Manufacturer McDonnell Douglas Corporation
Type and Model MD-11
Year of Manufacture 1991
Serial Number (SN) 48448
Certificate of Airworthiness Issued 28 July 1991
Total Airframe Time (hours) 36 041
Engine Type (number of) Pratt & Whitney 4462 (3)
Maximum Take-Off Weight 285 990 kilograms (kg)
Recommended Fuel Types Jet A, Jet A-1, JP-5, JP-8, Jet B
Fuel Type Used Jet A  MD-11 Design and Configuration

The McDonnell Douglas MD-11 design project began in 1986. The MD-11 design is structurally based on the McDonnell Douglas DC-10 design (see Figure 1 and Figure 2). The MD-11 was designed for more economical and efficient operation than the DC-10, by incorporating modern, automated systems. The redesign automated most of the functions that were performed by the flight engineer in the DC-10, thereby allowing for a two-crew cockpit. The first MD-11 flight was on 10 January 1990 and delivery of the aircraft to the first customer was on 7 December 1990. The occurrence aircraft was manufactured in 1991 and was put directly into service by Swissair.

As the MD-11 was manufactured and certified in the United States (US) in accordance with applicable Federal Aviation Regulations (FAR), the regulatory focus of this report is directed toward the Federal Aviation Administration (FAA).
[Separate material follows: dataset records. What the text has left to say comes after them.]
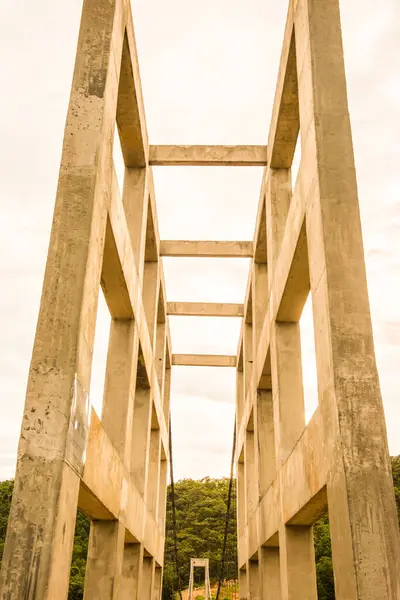 タイのメークアン ウドム ダムの吊り橋 — ストック写真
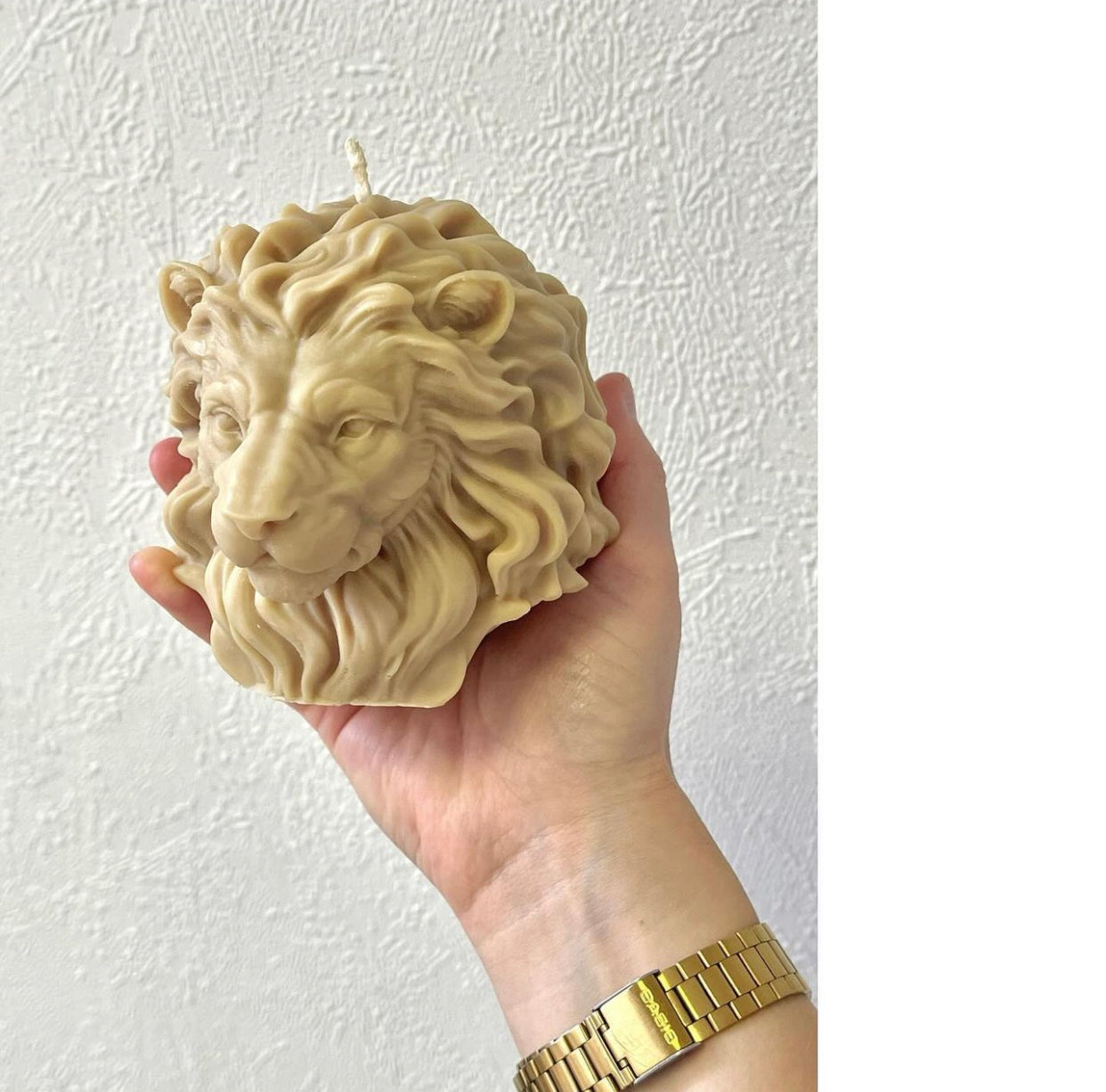Lion candle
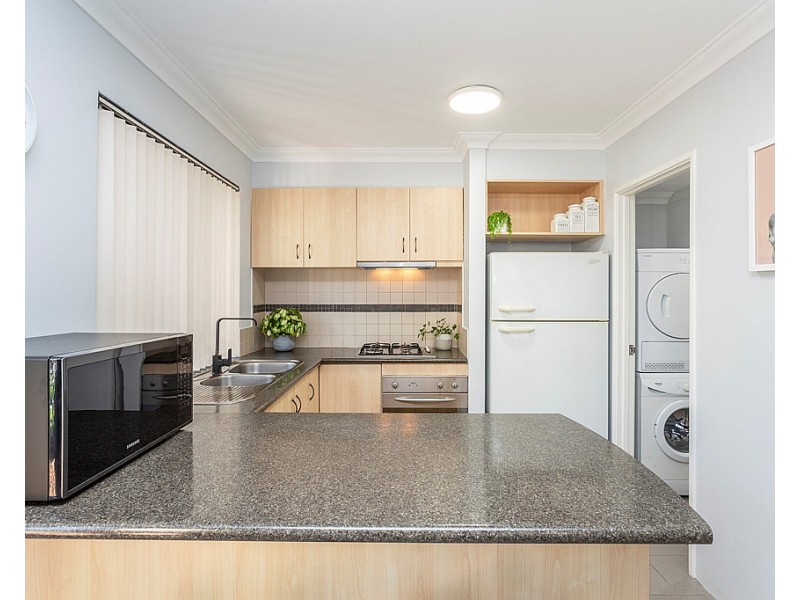 17/22 GOCHEAN AVENUE, Bentley WA 6102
Many civil aviation authorities (CAA) have drafted or harmonized their respective certification and continuing airworthiness regulations based on the FAA model; therefore, the issues in this report may also apply to other regulatory authorities.

The occurrence aircraft was configured with 241 passenger seats: 12 first class, 49 business class, and 180 economy class. The first- and business-class seats were equipped with an in-flight entertainment system,[11] certified and installed in accordance with a US FAA Supplemental Type Certificate (STC).  Weight and Balance

Weight and balance calculations completed after the occurrence determined that the actual take-off weight for SR 111 was approximately 241 100 kg. The centre of gravity (C of G) was calculated to be 20 per cent mean aerodynamic chord (MAC). Other than very small differences, the post-occurrence calculations confirmed that the weight and balance calculations used for dispatch were accurate. (STI1-4) The aircraft's weight was within limits, and throughout the flight the C of G was within the normal range (15 to 32 per cent MAC). The maximum allowable landing weight for the aircraft was 199 580 kg; the maximum overweight landing weight, allowable under certain conditions, was 218 400 kg. In an emergency, from an aircraft structural limit perspective, the aircraft can land at any weight; however, operational aspects, such as required stopping distance versus available runway distance, must be considered.  Aircraft Coordinate System

The MD-11 fuselage comprises six major sections and two minor sections (see Figure 2). The major sections extend from Section B, the nose/cockpit area of the aircraft, to Section G, the aft fuselage section. The two minor sections, sections 6 and 5, were inserted fore and aft of Section E to extend the length of the original DC-10 fuselage. Each fuselage section consists of the external skin, internal circumferential frames, and longitudinal stiffening members (longerons and intercostals). Figure 2 also shows the locations of numerous manufacturing stations (STA), fuselage sections, the forward doors, lavatories (LAV), and galleys.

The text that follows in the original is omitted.